Association between FEN1 Polymorphisms -69G>A and 4150G>T with Susceptibility in Human Disease: A Meta-Analysis

Abstract

Background: As a DNA repair protein, flap endonuclease 1 is a key enzyme in maintaining genomic instability and preventing carcinogenesis. Two single nucleotide polymorphisms (SNPs), -69G>A and 4150G>T are associated with DNA damage. This meta-analysis is to evaluate the genetic effects of FEN1 gene SNPs (-69G/A and 4150G/T) and the susceptibility to diseases, including glioma risk, breast cancer, lung cancer, keratoconus (KC) and fuchs’ endothelial corneal dystrophy (FECD).

Methods: A literature search of PubMed and Embase was conducted to identify all eligible published studies. Five case-control studies were included with a total of 5612 cases and 6703 controls in this meta-analysis. Crude odds ratios (ORs) with their corresponding confidence intervals (95%CI) were used to assess the strength of the association.

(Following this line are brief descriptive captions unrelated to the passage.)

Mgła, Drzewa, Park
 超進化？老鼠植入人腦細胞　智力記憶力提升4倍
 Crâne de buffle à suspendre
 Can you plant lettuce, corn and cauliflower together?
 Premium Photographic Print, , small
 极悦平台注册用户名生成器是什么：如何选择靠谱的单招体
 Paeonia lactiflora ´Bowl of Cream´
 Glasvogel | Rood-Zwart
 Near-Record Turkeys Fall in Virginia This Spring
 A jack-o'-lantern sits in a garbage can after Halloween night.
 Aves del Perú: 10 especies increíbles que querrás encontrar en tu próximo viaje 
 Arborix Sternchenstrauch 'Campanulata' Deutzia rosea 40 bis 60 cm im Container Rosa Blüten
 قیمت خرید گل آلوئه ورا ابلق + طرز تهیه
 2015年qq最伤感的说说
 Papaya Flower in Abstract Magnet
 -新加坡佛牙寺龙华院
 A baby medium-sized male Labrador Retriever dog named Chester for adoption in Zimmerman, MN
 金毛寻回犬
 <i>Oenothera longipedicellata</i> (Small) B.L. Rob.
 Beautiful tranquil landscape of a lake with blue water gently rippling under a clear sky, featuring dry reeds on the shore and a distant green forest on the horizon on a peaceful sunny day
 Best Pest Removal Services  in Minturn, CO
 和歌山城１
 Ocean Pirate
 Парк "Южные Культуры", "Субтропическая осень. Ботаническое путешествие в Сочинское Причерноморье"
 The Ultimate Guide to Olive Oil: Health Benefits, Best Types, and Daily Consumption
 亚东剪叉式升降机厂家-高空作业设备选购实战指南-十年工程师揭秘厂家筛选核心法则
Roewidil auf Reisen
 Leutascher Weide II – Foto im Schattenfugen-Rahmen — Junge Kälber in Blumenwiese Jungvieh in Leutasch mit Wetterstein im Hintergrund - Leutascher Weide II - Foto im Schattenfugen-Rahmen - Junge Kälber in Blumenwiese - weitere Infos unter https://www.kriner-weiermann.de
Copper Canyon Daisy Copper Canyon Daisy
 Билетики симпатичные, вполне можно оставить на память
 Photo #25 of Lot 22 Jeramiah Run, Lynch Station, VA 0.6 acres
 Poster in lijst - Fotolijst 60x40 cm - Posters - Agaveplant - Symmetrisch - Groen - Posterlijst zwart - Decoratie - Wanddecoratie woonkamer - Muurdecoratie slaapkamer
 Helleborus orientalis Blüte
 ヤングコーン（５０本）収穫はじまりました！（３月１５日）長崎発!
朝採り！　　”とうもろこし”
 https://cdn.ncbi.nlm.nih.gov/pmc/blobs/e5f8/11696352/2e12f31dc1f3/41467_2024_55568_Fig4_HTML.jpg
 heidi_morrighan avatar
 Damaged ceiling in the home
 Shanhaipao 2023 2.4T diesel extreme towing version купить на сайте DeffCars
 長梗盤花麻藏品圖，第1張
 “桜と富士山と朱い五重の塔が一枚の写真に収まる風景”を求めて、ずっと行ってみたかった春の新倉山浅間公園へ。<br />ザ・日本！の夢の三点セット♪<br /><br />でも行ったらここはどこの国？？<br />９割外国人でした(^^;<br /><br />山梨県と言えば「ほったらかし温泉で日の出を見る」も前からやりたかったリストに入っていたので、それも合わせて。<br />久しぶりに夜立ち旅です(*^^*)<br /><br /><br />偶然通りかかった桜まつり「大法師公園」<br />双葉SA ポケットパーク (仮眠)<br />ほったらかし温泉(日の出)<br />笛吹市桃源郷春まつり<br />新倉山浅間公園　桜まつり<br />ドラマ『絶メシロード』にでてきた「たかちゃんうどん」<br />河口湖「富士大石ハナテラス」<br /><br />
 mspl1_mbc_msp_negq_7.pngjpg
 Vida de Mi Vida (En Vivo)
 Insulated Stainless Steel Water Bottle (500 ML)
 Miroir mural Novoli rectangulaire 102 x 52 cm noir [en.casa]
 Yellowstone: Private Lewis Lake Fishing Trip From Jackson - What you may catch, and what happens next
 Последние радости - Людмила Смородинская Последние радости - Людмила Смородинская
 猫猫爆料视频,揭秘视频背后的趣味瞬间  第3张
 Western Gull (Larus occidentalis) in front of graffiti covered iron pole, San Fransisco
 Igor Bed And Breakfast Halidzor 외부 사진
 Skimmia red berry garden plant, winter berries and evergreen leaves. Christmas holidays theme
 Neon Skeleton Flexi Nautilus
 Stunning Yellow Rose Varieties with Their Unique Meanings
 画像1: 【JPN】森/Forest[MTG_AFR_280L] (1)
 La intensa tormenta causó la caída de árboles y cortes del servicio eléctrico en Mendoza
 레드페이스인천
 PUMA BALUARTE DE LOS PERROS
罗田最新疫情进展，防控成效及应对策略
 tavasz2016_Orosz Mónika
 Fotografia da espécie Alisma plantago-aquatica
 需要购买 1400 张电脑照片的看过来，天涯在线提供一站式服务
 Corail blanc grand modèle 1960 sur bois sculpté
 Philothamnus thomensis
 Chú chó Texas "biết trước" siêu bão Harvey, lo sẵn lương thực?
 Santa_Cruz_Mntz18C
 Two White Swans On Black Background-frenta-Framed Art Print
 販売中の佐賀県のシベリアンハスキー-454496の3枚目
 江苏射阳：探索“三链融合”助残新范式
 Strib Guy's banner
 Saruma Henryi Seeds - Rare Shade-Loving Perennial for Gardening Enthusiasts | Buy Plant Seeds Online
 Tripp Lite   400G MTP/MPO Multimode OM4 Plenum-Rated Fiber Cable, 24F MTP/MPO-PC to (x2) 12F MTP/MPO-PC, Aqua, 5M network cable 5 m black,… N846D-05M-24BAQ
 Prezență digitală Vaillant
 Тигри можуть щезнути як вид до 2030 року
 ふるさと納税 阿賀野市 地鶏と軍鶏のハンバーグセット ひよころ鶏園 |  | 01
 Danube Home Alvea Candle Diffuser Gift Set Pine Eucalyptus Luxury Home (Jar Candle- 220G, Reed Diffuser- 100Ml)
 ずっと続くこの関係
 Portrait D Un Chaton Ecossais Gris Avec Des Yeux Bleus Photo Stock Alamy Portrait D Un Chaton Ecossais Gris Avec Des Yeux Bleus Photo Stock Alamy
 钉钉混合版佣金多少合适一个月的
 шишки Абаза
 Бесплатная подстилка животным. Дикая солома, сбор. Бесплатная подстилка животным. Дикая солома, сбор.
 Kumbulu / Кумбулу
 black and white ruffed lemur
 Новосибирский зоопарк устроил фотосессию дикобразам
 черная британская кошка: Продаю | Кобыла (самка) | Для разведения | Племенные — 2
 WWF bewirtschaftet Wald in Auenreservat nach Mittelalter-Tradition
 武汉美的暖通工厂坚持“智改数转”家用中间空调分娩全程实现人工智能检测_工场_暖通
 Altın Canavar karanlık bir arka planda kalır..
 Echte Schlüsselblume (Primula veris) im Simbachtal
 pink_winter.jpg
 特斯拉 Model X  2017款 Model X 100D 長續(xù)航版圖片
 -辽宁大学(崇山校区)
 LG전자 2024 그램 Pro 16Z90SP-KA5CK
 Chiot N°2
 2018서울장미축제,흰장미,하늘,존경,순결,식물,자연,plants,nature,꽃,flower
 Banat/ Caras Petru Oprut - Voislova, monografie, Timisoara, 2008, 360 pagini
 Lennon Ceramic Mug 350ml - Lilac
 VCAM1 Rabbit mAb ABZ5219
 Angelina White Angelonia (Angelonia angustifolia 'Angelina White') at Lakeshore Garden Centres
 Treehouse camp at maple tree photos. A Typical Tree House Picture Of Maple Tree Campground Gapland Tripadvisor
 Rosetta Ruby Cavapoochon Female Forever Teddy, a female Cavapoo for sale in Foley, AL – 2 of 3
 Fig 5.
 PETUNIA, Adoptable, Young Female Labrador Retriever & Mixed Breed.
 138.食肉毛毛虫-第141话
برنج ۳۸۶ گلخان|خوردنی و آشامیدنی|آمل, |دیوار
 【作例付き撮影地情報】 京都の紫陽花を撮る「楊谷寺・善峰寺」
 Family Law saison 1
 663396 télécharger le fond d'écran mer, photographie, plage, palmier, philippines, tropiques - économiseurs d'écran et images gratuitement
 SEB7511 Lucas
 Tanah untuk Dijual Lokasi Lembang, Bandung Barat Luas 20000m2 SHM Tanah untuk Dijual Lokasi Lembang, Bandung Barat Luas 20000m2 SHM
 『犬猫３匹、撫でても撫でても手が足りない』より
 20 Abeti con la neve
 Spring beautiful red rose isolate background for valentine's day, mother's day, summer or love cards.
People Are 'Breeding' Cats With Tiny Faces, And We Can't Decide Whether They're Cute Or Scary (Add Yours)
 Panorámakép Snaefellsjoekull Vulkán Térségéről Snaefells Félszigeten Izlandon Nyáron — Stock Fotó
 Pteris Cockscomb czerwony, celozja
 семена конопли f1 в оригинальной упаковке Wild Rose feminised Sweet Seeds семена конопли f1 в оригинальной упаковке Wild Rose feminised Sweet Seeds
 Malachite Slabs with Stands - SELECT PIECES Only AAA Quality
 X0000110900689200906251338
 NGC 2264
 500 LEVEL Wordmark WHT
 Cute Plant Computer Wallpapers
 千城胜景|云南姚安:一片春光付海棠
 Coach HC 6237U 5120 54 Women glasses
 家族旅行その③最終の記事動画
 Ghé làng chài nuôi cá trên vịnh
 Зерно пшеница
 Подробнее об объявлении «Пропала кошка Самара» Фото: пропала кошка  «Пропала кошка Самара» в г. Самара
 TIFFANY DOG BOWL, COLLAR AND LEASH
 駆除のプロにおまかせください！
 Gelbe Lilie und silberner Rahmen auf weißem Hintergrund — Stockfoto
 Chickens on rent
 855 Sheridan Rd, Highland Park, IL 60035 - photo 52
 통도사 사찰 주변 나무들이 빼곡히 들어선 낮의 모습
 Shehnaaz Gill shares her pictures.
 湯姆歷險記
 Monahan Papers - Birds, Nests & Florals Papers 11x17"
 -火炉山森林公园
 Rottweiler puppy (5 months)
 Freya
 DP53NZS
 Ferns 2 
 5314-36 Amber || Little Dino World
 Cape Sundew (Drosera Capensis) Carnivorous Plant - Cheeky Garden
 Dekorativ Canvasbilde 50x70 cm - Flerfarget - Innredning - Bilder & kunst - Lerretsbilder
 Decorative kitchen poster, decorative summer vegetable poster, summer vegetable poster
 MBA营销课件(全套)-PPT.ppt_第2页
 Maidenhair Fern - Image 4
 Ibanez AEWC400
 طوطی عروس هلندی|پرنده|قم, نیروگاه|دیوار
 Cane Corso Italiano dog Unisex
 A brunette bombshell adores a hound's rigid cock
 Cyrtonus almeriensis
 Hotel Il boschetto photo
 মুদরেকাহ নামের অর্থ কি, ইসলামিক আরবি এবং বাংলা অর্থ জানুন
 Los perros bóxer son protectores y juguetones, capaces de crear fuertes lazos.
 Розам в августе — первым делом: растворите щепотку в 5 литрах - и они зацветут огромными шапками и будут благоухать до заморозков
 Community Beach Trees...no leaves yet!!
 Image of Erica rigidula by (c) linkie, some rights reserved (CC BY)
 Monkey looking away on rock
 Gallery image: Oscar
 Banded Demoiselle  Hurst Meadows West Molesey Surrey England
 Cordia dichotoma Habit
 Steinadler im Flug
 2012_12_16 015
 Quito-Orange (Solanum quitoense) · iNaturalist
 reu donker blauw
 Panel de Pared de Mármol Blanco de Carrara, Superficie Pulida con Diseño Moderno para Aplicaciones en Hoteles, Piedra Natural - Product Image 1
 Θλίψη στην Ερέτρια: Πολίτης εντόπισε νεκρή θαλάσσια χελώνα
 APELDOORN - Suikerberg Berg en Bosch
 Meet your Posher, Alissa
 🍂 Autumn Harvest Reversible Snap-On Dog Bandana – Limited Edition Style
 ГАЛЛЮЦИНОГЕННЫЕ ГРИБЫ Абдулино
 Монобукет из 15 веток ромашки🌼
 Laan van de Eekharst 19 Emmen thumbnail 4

Results: The FEN1 -69G/A and 4150G/T polymorphisms were significantly associated with the disease risk. Our meta-analysis showed the FEN1 -69GG genotype was correlated to increase risk for the contained diseases compared with the -69AG genotype (OR=0.77, 95%CI=0.71~0.83). Moreover, the FEN1 4150GG genotype could increase diseases risk compared with the 4150TG genotype (OR=0.81, 95%CI=0.75~0.87).

Conclusion: The variant genotypes of the FEN1 -69G/A and FEN1 4150G/T polymorphisms may be associated with diseases susceptibility. However, more studies are needed to detect the disease risk in different ethnic populations.